• Sonuç bulunamadı

Demokrat Parti İktidarının Son Dönemlerinde Necip Fazıl Kısakürek Necip Fazıl DP’nin, iktidar olduğu 1950 yılından beri geçen 8 yıllık sürede,

ne DP’nin ne de Menderes’in, bir türlü Türkiye’nin geleceğini belirleyecek olan köklü değişiklikler yapmadığını ve toplumun gözünü boyamak, oy almak için geçici icraatlar yaptığı durumundan defalarca yakınmış ve bu şikâyetlerini hep dile getirmiştir. Necip Fazıl, 1958 yılında, Büyük Doğu’da Menderes’e hitaben “Ya Ol, Ya Öl” başlıklı bir yazı kaleme almış ve Menderes’in ya “öldürmesini” ya da “öldürülmeyi beklemesi” gerekeceğini ifade etmiştir (Şehsuvaroğlu, 2012:

37; Necip Fazıl Kitabı Sempozyum Tebliğleri: 353).
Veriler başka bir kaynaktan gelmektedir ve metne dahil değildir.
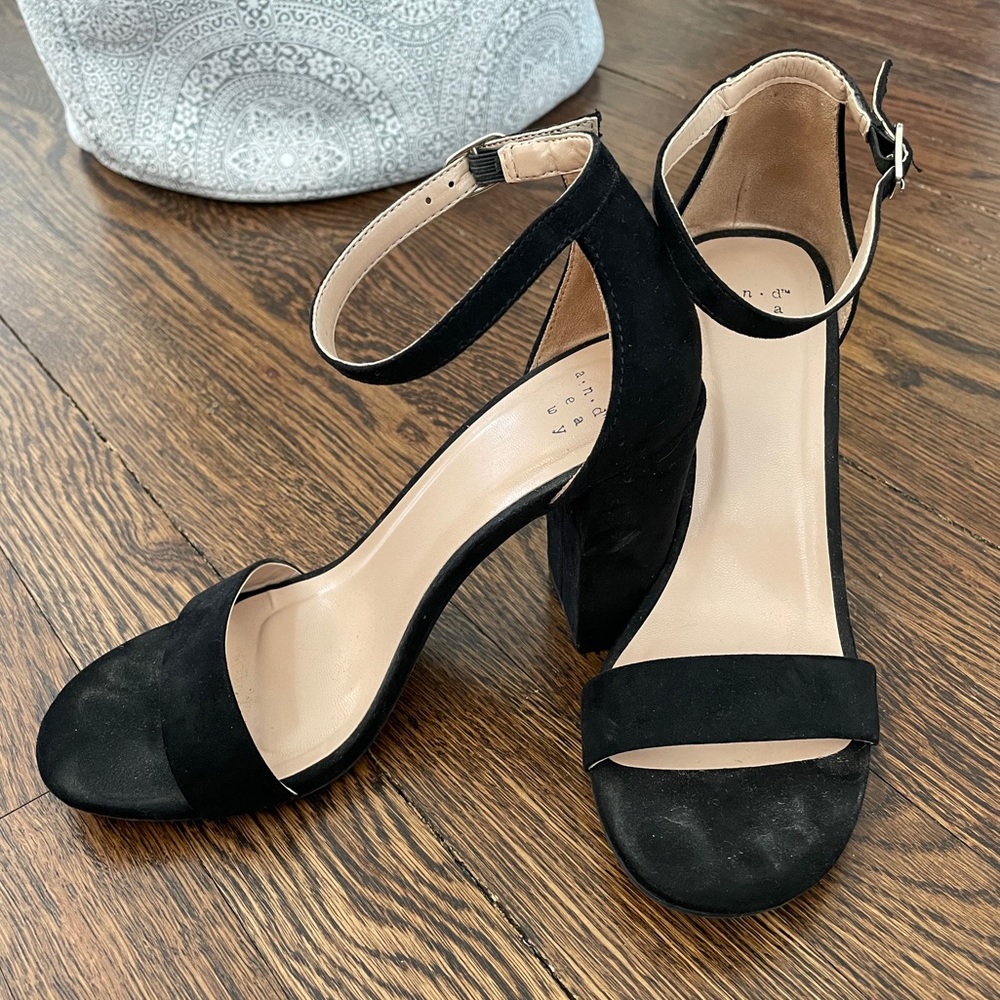 Black block heels. Worn once. Brand: A New Day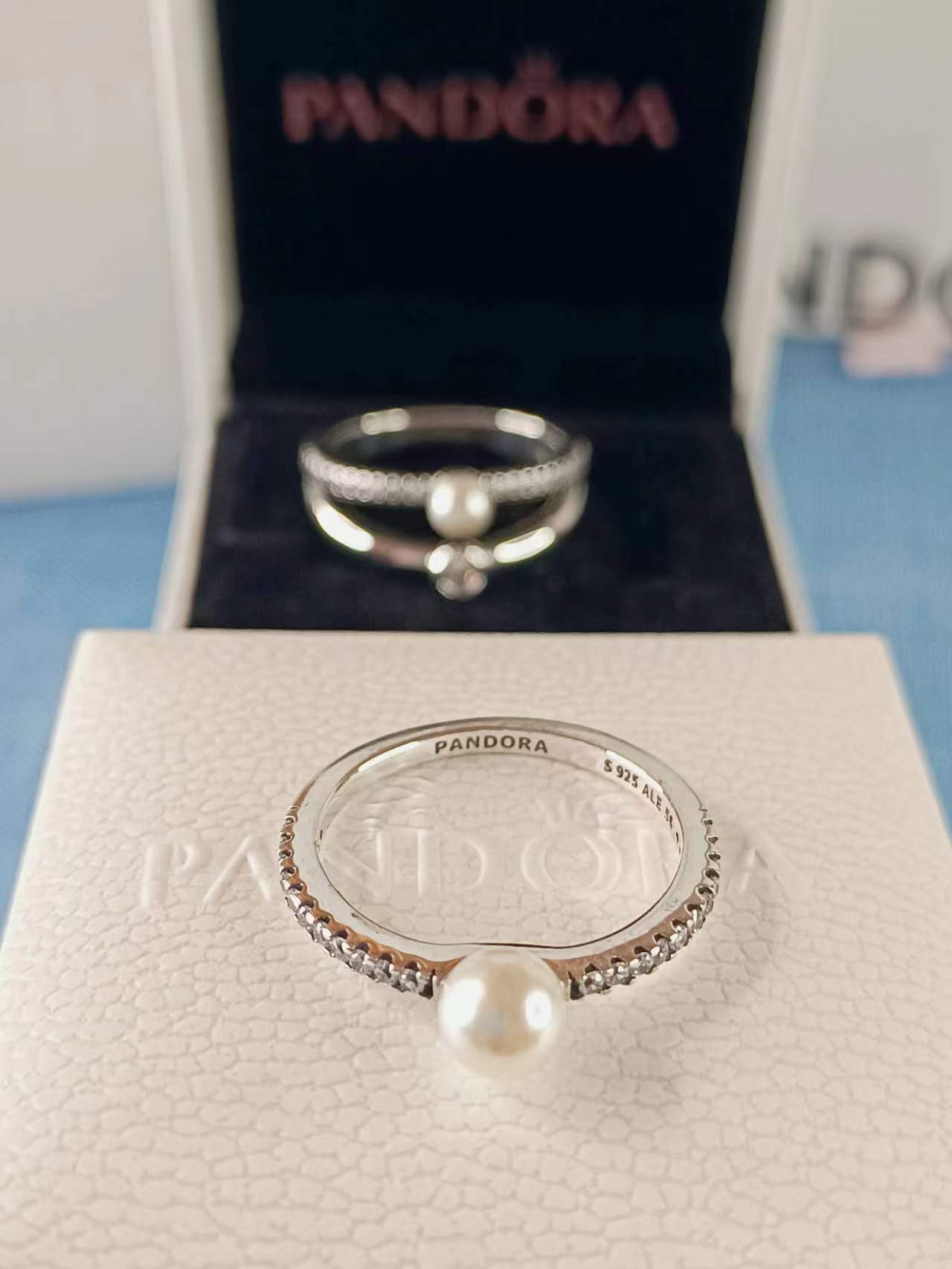 Treated Freshwater Cultured Pearl & Pavé Ring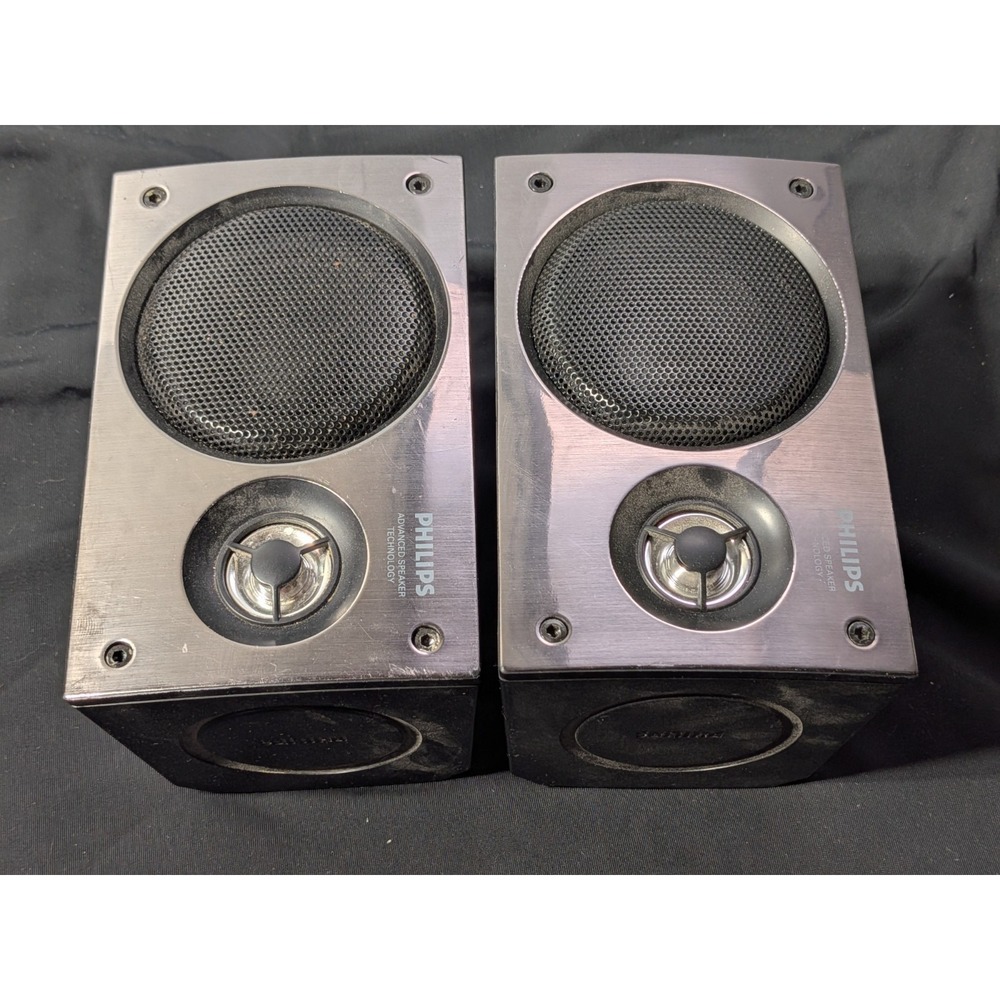 Philips CS 3950D Rear Satellite Speakers Pair Left Right 4 Ohm Advanced...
Necip Fazıl’ın bu tür bir yaklaşımı daha önce görülmemiştir. Durumun vahametini ve artık bıçağın kemiğe dayandığını göstermek için “Ya Ol, Ya Öl” başlığını bilinçli bir şekilde koyduğu söylenebilir. Çünkü bundan maksadı Menderes’e artık göremediklerini göstermek, duyamadıklarını duyurmak istemiştir. Ayrıca Necip Fazıl bu sözüyle Menderes’e yaklaşmakta olan tehlikeyi de işaret etmiştir. Ol derken ortaya çıkan huzursuzluk seslerini bastırarak idareyi ele almasını, öl derken ise sesi çok güçlü çıkan muhalefetin sesini bastırmasını kastetmiştir.

369 Necip Fazıl’ı baştan itibaren Menderes’le yakınlaştıran bir diğer konu,

Menderes’in hem Necip Fazıl’ı hem de Büyük Doğu’ya maddi olarak yaptığı desteklerdir. Necip Fazıl, kaleme aldığı yazılarda Menderes’i ve icraatlarını övmesine karşın, bütün bunların karşılığını bazen almakta bazen de alamamaktadır. 1958 yılında Menderes’ten Büyük Doğu’da DP icraatlarını övmek için reklam parası istemiş ve ayrıca diğer ihtiyaçlar için de 10 bin lira talebinde bulunmuştur. Menderes’in kendisine yapacağı yardımlarla diğer muhalefet basınına karşı, kendi dergisinin güçlü bir ses olacağını belirtmiş: “... bütün muhalefet matbuatını saf fikirle çürütücü, muazzam bir içtimai ve ebedi, ideoloji bina edici ve yüreklere nüfuz edici bir mecmua kuracağıma emin olunabilir. Bu da olmazsa tam altı aydır bir tek yardım görmeyen beni vazife günüme kadar her ay muayyen ve mukarrer bir mikyas altında kurmaktan ve gözyaşları içende yalnız ibadet ve mücerret eserler kaleme almaya terk etmekten başka iş kalmaz”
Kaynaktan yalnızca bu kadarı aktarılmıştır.